Monday, September 3, 2018

Labor day! ... and declining union membership

Not everyone has today off, but I do — probably at least in part due to the fact that I'm among the declining fraction of the US population represented by a private sector union (this one). Inspired by John Handley's tweet proposing a possible mechanism behind declining union membership in the US (transition to low union density sectors like service from manufacturing), I thought I'd have a look at the data using the dynamic information equilibrium model. I used data via EPI appearing in the graph in this blog. Here is the result:


We have two major shocks centered in 1938.2 ("beginning" in 1934.4) and 1987.7 ("beginning" in 1979.9) with widths computed using the measure discussed in the footnote here. There's an overall "equilibrium" decay rate of 1% per year (the "dynamic equilibrium").

So how does this compare to the shock structure of manufacturing employment? Luckily, I already looked into this a few months ago in my post on "robots versus shipping containers" — here's the model and data:


Manufacturing employment shows a large shock from roughly 1970 to the early 90s (with a second, smaller "shipping container" shock in the early 2000s). So John's story holds up against the data (interpreted with this model): a decline in manufacturing causing a decline in unions is consistent with the data. The cause of this decline in manufacturing isn't nailed down by this data — if could be e.g. a shift towards the service sector or moving manufacturing overseas (or both).

However, besides the shocks there is a general decline in union membership rate. This could be an ambiguity in the data because there's a second local entropy minimum near 0.0%/year. If we force a 0.0% per year dynamic equilibrium, we get a comparable model fit:


I was able to improve it a bit more by dividing the initial positive shock into two with a pause during WWII:


This gets us very close to the decline in the rate of union employment being essentially coincident with the two shocks to manufacturing.

So we have two possible stories: 
  1. An "equilibrium" decline in union employment (1%/year) with a shock that "begins" in the late 70s lagging behind the shock to manufacturing employment
  2. An "equilibrium" constant rate of union employment (0%/year) that essentially tracks manufacturing employment, with a shock to both beginning in roughly 1970
Story (1) has some consistency with the "deregulation"/"anti-union" narrative of the late 70s and the Reagan era, but still leaves a question of why union employment generally declines.

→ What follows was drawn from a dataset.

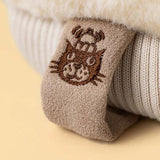 Jellycat - Amuseables Fitswell Mitten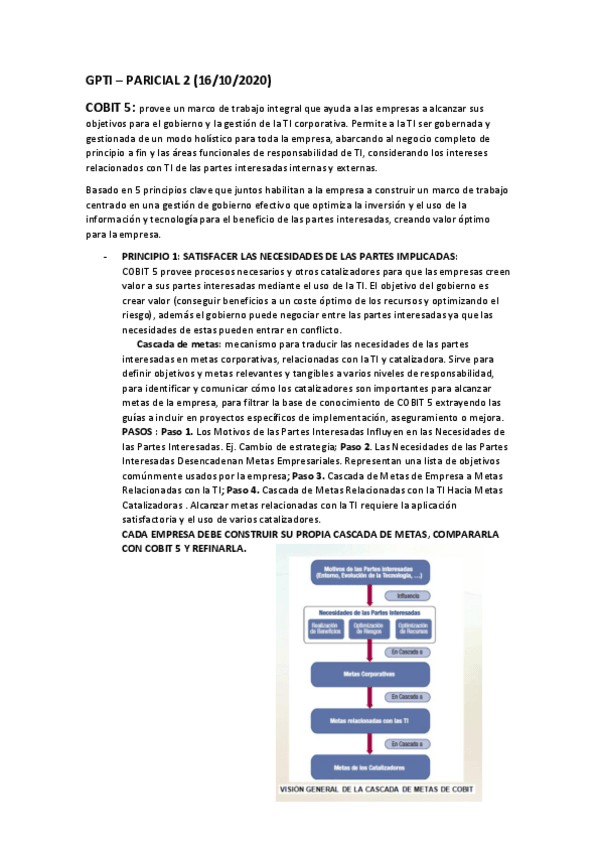 Miniatura del documento RESUMEN-CONTROL-2-COBIT5-ISO20K.pdf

Story (2) has a better fit with the data, and is consistent with an Occam's razor "single explanation" approach to manufacturing and union employment. It makes sense of the data in Noah Smith's original tweet that John was responding to: union decline happens in many European countries as well. It also kind of obviates the "anti-union" narrative [1]. However, story (2) effectively shifts the question to why manufacturing employment declined in the first place (and also why service sector unions didn't organize in their place [2]). [Per the update below, maybe the manufacturing decline is due to employers being anti-union.]

I like story (2) from a scientific perspective, but story (1) isn't completely ruled out by the data (as interpreted by this model). Oh, uninformative macro data ...

Happy labor day everyone!

...

Update 4 September 2018

John Handley saw that unionization within manufacturing fell to 10-15%, meaning that sector shift out of manufacturing doesn't explain much of the decline. It could still be shift within manufacturing. That is to say a greater loss of unionized manufacturing jobs over non-union ones — i.e. employers facing unionized employees disproportionately moved manufacturing overseas or anti-union states. This would makes sense in the light of the "union derangement syndrome" that causes employers to try and move jobs to so-called "right to work" (i.e. anti-union) states regardless of whether it makes sense — surely highly educated researchers would just love to live in Oklahoma City.

...

Footnotes:

[1] Maybe causality actually goes the other way? Did declining manufacturing jobs cause declining union membership — weakening unions politically — so that politicians could enact anti-union policy?

[2] Maybe the story in Footnote [1] is really 1) decline in manufacturing → 2) decline in unions → 3) decline in political power of unions → 4) politicians enacting anti-union policy → 5) service sector unions prevented from forming.